"C'est un Algérien finalement" : Les mots forts de Louisette Ighilahriz à Annaba. Au-delà du glamour, découvrez pourquoi la présence de cette icône de la Révolution a bouleversé le festival.

Si la 6ème édition du Festival du Film Méditerranéen d'Annaba a brillé par ses mises en beauté spectaculaires et ses coiffures haute couture, l'événement a su s'élever au-delà du simple glamour. Entre deux passages de stars aux looks impeccables, le tapis rouge a vécu un moment d'une intensité rare : l'hommage vibrant rendu à une légende vivante de la lutte de libération nationale, la moudjahida Louisette Ighilahriz.

Un hommage vibrant à une icône de la liberté

En reconnaissance de son combat héroïque durant la Guerre d'Indépendance, Louisette Ighilahriz a été mise à l'honneur dans un moment de recueillement et de célébration nationale. Visiblement émue, elle a exprimé sa joie d’être présente à Annaba, une ville qu'elle a saluée comme un carrefour de culture, d’histoire et de rencontres.

« Sa participation apporte une dimension mémorielle forte, rappelant le lien profond entre le cinéma, la mémoire nationale et la transmission aux jeunes générations. »

Une déclaration marquante : "Benjamin Stora est un Algérien finalement"

Lors d'un échange avec le média Le National, la moudjahida a partagé une réflexion symbolique sur l'historien Benjamin Stora et son travail sur la mémoire. Avec la sagesse qui la caractérise, elle a déclaré : « C'est un Algérien finalement », soulignant ainsi le lien indéfectible qui unit ceux qui portent l'histoire de cette terre.

Cet accueil chaleureux réservé à Annaba témoigne de la reconnaissance éternelle de la nation envers ses héros, faisant de ce festival bien plus qu'un simple événement culturel, mais un véritable pont entre le passé glorieux et le futur créatif de l'Algérie.

Si le nom de Louisette Ighilahriz était déjà connu en Algérie pour son engagement moudjahid, c’est son témoignage retentissant dans Le Monde le 20 juin 2000 qui a marqué un tournant irréversible. Pour la première fois, elle brisait publiquement le tabou ultime en racontant les tortures et les viols subis au sein de la 10e division parachutiste à Alger.

En Algérie, aborder ces traumatismes signifiait affronter une "chape de plomb" sociale et familiale. Louisette explique qu'elle n'avait jamais pu exprimer cette douleur et ce "déshonneur" imposé par l'occupant sans craindre le regard des autres. Ce témoignage n'était pas seulement un rappel historique, mais une libération personnelle cathartique, bien qu'elle l'ait payée au prix fort par des déchirements familiaux.

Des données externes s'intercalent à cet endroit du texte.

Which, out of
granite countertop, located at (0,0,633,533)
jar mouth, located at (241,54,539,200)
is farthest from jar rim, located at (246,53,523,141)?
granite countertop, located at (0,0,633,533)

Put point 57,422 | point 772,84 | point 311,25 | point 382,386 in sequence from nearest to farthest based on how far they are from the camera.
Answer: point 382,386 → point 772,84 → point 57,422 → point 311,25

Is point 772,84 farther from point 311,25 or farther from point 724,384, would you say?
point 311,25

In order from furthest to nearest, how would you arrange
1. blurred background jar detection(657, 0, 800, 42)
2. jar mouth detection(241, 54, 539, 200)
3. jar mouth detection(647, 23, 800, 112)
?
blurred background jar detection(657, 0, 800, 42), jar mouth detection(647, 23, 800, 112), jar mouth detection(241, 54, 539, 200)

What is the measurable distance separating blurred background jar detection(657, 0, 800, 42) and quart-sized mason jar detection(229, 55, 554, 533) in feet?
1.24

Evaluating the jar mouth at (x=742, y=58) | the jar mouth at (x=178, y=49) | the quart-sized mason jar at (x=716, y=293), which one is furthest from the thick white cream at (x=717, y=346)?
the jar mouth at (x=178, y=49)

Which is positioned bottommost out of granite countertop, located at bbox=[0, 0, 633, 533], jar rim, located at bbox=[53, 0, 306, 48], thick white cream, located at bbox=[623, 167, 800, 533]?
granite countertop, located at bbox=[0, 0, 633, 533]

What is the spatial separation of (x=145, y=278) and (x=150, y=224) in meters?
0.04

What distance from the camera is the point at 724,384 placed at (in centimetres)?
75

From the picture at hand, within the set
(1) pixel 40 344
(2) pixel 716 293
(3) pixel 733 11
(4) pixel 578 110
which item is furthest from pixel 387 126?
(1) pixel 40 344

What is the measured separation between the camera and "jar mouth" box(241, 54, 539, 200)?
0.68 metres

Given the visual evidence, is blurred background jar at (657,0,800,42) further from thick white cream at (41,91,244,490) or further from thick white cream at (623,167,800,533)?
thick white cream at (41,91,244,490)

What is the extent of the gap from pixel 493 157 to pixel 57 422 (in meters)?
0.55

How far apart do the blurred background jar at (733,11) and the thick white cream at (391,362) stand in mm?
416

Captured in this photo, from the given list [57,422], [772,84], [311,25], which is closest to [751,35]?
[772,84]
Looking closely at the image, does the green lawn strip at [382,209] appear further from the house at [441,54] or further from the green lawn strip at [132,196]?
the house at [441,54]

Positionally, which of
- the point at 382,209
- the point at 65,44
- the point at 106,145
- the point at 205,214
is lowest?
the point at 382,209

Face aux dénégations des généraux français de l'époque, son récit a été authentifié par le général Massu lui-même, confirmant l'existence du commandant Richaud. Ce médecin militaire, qu'elle a cherché pendant des décennies, reste pour elle l'homme providentiel qui l'a sauvée d'une mort certaine en la soignant clandestinement.

Aujourd'hui, alors qu'elle a été honorée au Festival d'Annaba 2026, son message reste le même : transformer la douleur en mémoire pour que la France reconnaisse enfin l'usage systématique de la torture et du viol comme armes de guerre.